Before I get into the meat of this post, I want to pause on that beauty for a moment. It’s really hard to overstate it. The weather is beautiful, and we’re in a beautiful, natural place. As we sat today for Sunday Assembly on Boys’ Side, led by Genoa, it really captured me. Looking out over Westsound on a perfect mid-August day, with warm but not hot air, a beautiful breeze, and the sun shining brightly, you could see Four Winds Bay, Victim Island, the other side of Westsound, Harney Channel with its ferries, and Shaw Island beyond. It was just about perfect.

The natural beauty isn’t all of it though. There’s the beauty of friendship, fun, time together, and normalcy. Camp is intimate in the best possible way. In an age where our communication devices give us ease of communication, but sterilize it of its intimacy, at Camp, we communicate face to face. For these campers, they’ve had that benefit for three and half weeks, and you can see it in their faces. I don’t look forward to the end of this session, but I do look forward to all the parents being able to see that benefit in their children. They need it so badly. They deserve it. It’s wonderful to see them get it.

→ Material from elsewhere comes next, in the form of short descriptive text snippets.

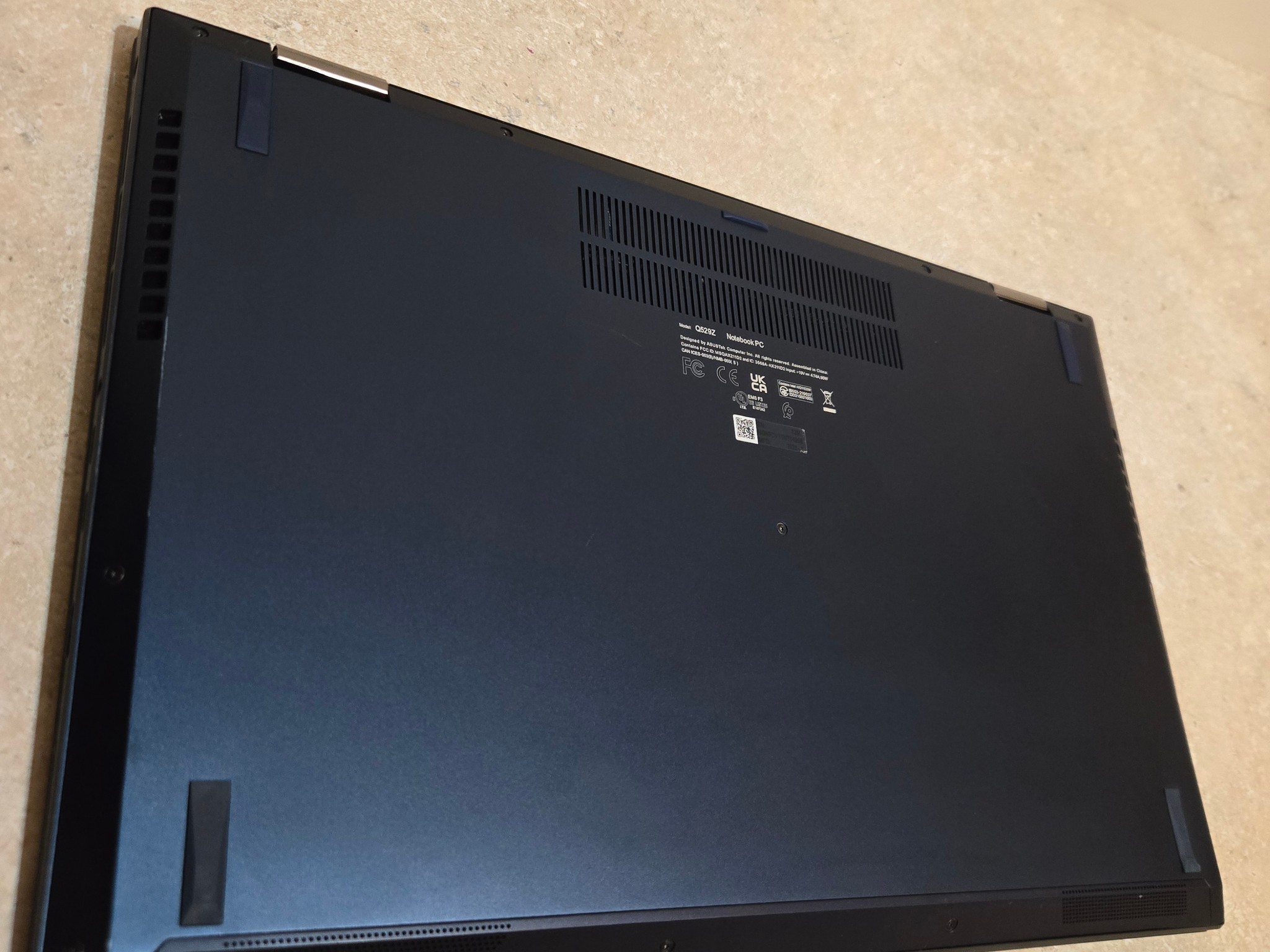 Asus Zenbook 15.4" Laptop - 512GB SSD - intel i7 - 16GB Ram - Model Q529Z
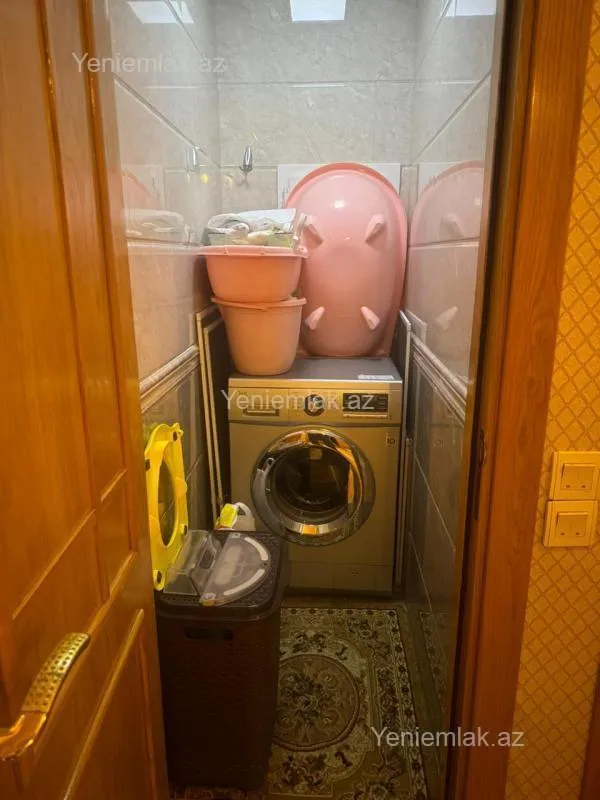 Satılır 3 otaqlı köhnə tikili 100 m²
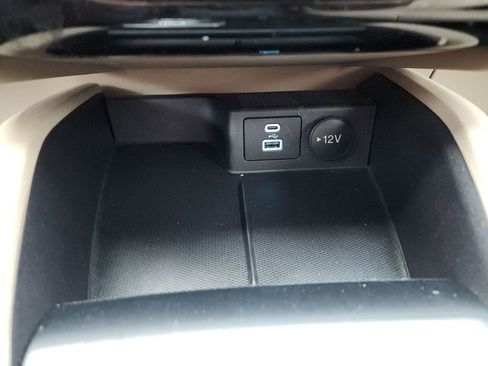 Used 2022 Ford Escape SEL image 30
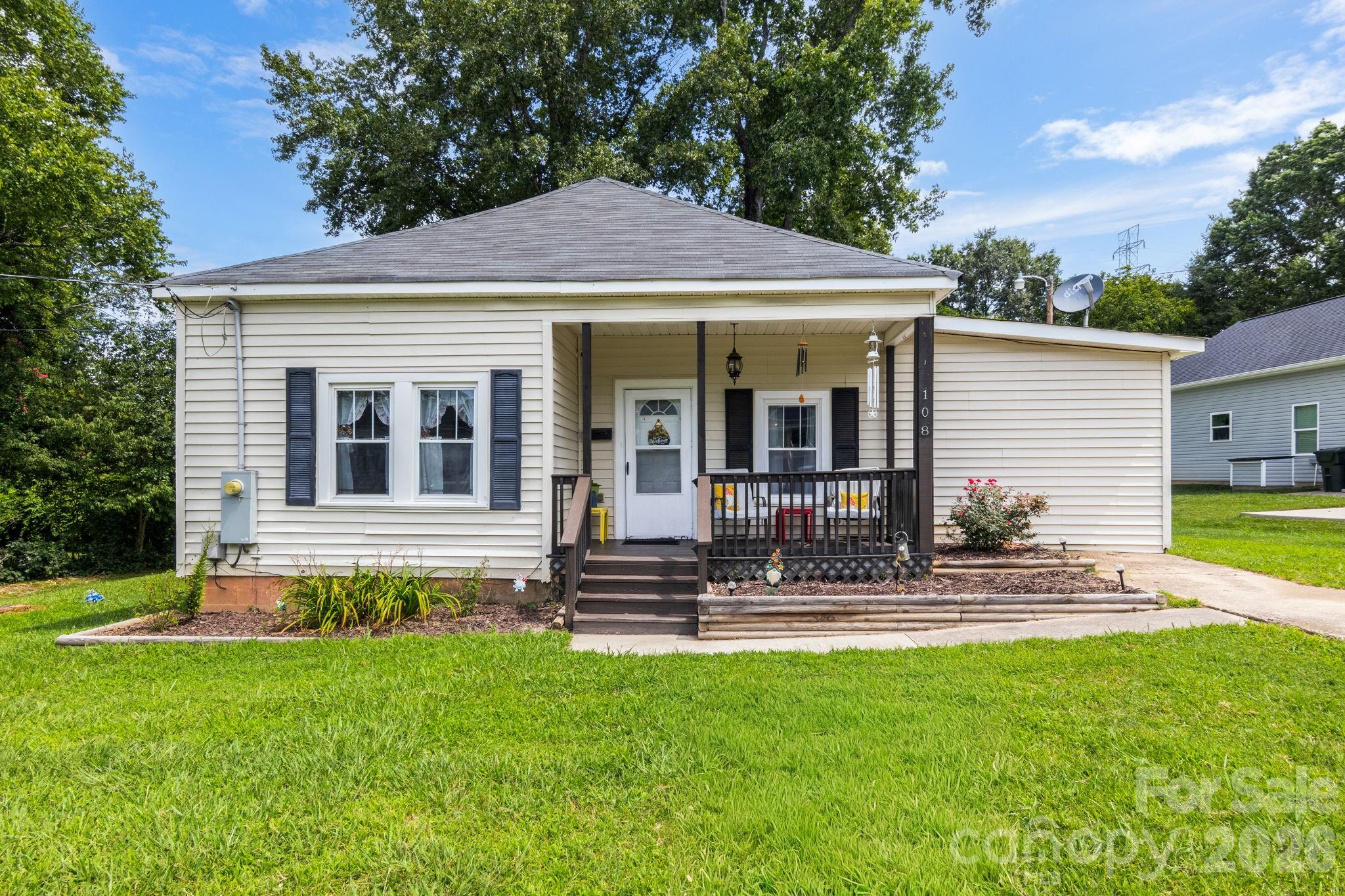 108 Richland Street Property Photo 1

And, of course, part of getting a little bit sentimental about all of it is that our time together is short. Tonight, we’ll start the series of four evening activities with which we end every four-week session. We’ll start with Talent/No Talent, our talent show. Tomorrow night, we’ll have Pins & Slides, in which we’ll award activity area pins and have a slideshow of the session. On Tuesday, we’ll have the CT Dance, a dance (with pop music!) put on by the CTs. Finally, on Wednesday, we’ll have our Final Evening Fire of the session.

Ending each four-week session with these same four evening activities does a couple of different things. First, the activities themselves, each in its own way, offer opportunities for celebration and reflection, which is what we ought to be doing a lot of in our last few days together. Second, there’s a ritual to it. Those that have been to Four Winds before have a reaction that goes something like, “Oh my goodness, it’s Talent/No Talent tonight. Camp is almost over! I’ve been meaning to jump off the high dive/have a conversation with my best friend/sing in front of camp at Evening Fire and I haven’t done it yet, I have to do that before the session ends!” Those that are new to camp pick up that energy from the returners. Everyone, collectively realizes that our time together is short, and thus begins to value that time together all the more. Combine that with the jewelry ceremonies that are happening all over camp, the garbage auction prizes that are being delivered, the last trips returning, a Senior dinner tonight. People often talk about camp as feeling magical. These feelings that happen towards the end of the session, to me, that’s when camp feels magical.

This afternoon, we’ll have Regatta Day, one of the campers’ favorite Sunday afternoon activities. It’ll be a wonderful way to spend a Sunday afternoon on a beautiful day, and a worthy use of our short time together. I look forward to sending these campers home to you in a few days, tired, happy, and fulfilled. Until then, we’ll be here, enjoying the beauty of camp.